スズナ:「神を呼ぶ鈴」という意味があり、胃腸の調子を整え消化を助ける作用があります。
スズシロ:「汚れのない清白」という意味があり、風邪予防の効果があります。
やはり昔から伝わる文化には、相応の意味があるものです。みなさまも「七草がゆ」を召し上がるときには、味とともにその効能も噛みしめて召し上がってみてはいかがでしょうか。
【校長室通信】嬉しいお知らせです(12/3)
みなさん。
こんにちは。
いよいよ今年のカレンダーも残り一枚となりました。本当に月日の経つのは早いですね。
学校現場でも、「師走」という名が示すとおり、(本来の師走の語源は、師匠の僧がお経をあげるために、東西を馳せる月にあるということですが…。)本校の先生方も期末試験、学期末の成績提出、3者面談、生徒会役員の改選…と大変多用な毎日を過ごしています。
そんな毎日ですが、先日、嬉しいニュースが飛び込んできました。
本校のホームページが 一般社団法人「教育のための科学研究所」が主催する「edumap学校ウェブサイト大賞・特別賞」に選定されたのです。
これは、全国でedumapのシステムを活用したホームページを運営している1000以上の機関の中から毎年、3校のみに贈られる賞です。
その授賞式が、去る12月1日(日)に、東京都渋谷区にある代々木ゼミナール・代ゼミタワーで行われ、本校を代表して私が出席してきました。
受賞した他の2校(最優秀賞は宮城県七ヶ浜町立七ヶ浜中学校、本校と同じく特別賞は京都府舞鶴市立倉梯小学校)の校長先生と交流を深め、それぞれのホームページの素晴らしさも学ぶことができました。貴重な経験ができたこと有り難く思っています。
これを励みに本校のホームページもより一層充実させていきたく思います。
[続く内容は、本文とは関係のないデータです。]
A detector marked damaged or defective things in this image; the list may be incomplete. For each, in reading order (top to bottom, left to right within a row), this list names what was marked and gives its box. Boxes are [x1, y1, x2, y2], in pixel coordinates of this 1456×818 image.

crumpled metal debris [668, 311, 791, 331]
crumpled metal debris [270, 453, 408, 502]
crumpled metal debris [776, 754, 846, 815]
(既に幾つか改善していますが、お気づきになりましたでしょうか?)
これからも山崎南中学校のホームページをどうぞよろしくお願いします。
【校長室通信】なぜ、勉強しないといけないの?(11/1)
みなさん
こんにちは。
いよいよ11月となり、秋本番です。
私は宍粟市の北部に住んでいるのですが、ハナミズキや柿の葉が漸く色づき、紅葉のシーズンが到来したな…と感じられる霜月の初めとなりました。これから紅葉はプラタナスや銀杏・楓へと進み、秋が北から、また山の頂から徐々に麓へ、そして南へ…とやってくるのでしょうね。夜もだんだんと長くなり、「灯火親しむの候」「勉学の秋」という言葉が実感をともなって感じられる今日この頃です。
今、この文章を書いている校長室にも文化祭を明後日に控えた生徒たちの気合いの入った合唱練習が秋雨の中で遠く、そしてまた時には近く響き、とても良い雰囲気です。
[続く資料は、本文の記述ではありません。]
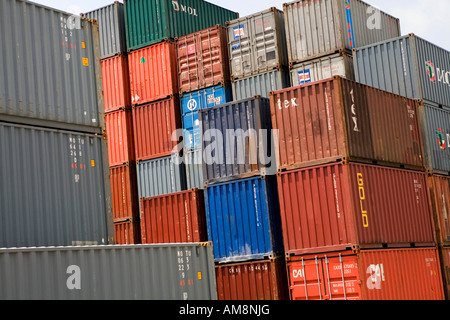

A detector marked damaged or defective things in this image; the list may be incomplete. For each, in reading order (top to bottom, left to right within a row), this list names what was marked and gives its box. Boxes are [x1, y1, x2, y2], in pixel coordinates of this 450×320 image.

rusty shipping container [101, 55, 131, 114]
rusty shipping container [127, 40, 178, 106]
rusty shipping container [177, 25, 230, 95]
rusty shipping container [105, 108, 134, 166]
rusty shipping container [133, 95, 182, 161]
rusty shipping container [270, 77, 426, 171]
rusty shipping container [109, 164, 139, 221]
rusty shipping container [113, 219, 140, 244]
rusty shipping container [141, 189, 207, 244]
rusty shipping container [278, 161, 436, 256]
rusty shipping container [428, 175, 450, 245]
rusty shipping container [215, 258, 288, 300]
rusty shipping container [286, 248, 444, 300]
さて、「勉学の秋」ということで今回は「学習する意味」について書いてみたいと思います。
「なぜ、勉強しないといけないの?」
よく子どもたちはこんなことを言います。
みなさんなら、この問いに対して何と答えられますか?
いろいろな考え方があるとは思いますが、参考までにこんな答えはいかがでしょうか?
1 フーテンの寅さんは?
「フーテンの寅次郎」シリーズは渥美清さんが亡くなって終了しましたが、長く続いた映画でした。
この中で、山田洋次監督のシリーズ第40作「寅次郎サラダ記念日」で、寅さんは、「おい」である満男の「何のために大学に行くのか」という問いに、こう答えます。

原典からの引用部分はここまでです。